Reproduce nothing but the lines from the one containing "Melatonin 5mg Gummies" to the end of the records below, each exactly as written.

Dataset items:
════════════════════
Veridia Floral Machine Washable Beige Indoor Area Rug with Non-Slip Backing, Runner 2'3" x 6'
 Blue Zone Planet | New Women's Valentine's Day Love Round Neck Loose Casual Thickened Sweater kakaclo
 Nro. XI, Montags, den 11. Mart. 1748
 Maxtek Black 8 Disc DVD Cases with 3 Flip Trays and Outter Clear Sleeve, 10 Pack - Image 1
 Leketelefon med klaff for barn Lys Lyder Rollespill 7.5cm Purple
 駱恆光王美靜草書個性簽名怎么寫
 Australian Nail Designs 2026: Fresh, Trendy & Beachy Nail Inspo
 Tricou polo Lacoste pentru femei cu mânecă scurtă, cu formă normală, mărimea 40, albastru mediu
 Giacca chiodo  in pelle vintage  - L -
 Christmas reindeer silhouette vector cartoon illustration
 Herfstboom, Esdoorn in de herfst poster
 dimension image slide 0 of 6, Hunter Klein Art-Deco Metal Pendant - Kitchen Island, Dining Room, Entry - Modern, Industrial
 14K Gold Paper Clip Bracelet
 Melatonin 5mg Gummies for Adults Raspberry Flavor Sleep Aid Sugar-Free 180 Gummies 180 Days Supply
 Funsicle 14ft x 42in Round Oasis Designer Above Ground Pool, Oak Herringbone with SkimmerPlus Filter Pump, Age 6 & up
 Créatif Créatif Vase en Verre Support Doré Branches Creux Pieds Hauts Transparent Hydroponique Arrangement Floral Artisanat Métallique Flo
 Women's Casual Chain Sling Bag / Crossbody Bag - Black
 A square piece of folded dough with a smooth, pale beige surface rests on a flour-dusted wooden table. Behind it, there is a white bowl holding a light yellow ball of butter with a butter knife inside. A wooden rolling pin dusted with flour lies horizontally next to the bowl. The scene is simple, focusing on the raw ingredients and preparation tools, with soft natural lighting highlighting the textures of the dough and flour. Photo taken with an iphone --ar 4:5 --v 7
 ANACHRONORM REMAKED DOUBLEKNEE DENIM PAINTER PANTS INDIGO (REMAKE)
════════════════════
**COMPLETED TASK**
 Melatonin 5mg Gummies for Adults Raspberry Flavor Sleep Aid Sugar-Free 180 Gummies 180 Days Supply
 Funsicle 14ft x 42in Round Oasis Designer Above Ground Pool, Oak Herringbone with SkimmerPlus Filter Pump, Age 6 & up
 Créatif Créatif Vase en Verre Support Doré Branches Creux Pieds Hauts Transparent Hydroponique Arrangement Floral Artisanat Métallique Flo
 Women's Casual Chain Sling Bag / Crossbody Bag - Black
 A square piece of folded dough with a smooth, pale beige surface rests on a flour-dusted wooden table. Behind it, there is a white bowl holding a light yellow ball of butter with a butter knife inside. A wooden rolling pin dusted with flour lies horizontally next to the bowl. The scene is simple, focusing on the raw ingredients and preparation tools, with soft natural lighting highlighting the textures of the dough and flour. Photo taken with an iphone --ar 4:5 --v 7
 ANACHRONORM REMAKED DOUBLEKNEE DENIM PAINTER PANTS INDIGO (REMAKE)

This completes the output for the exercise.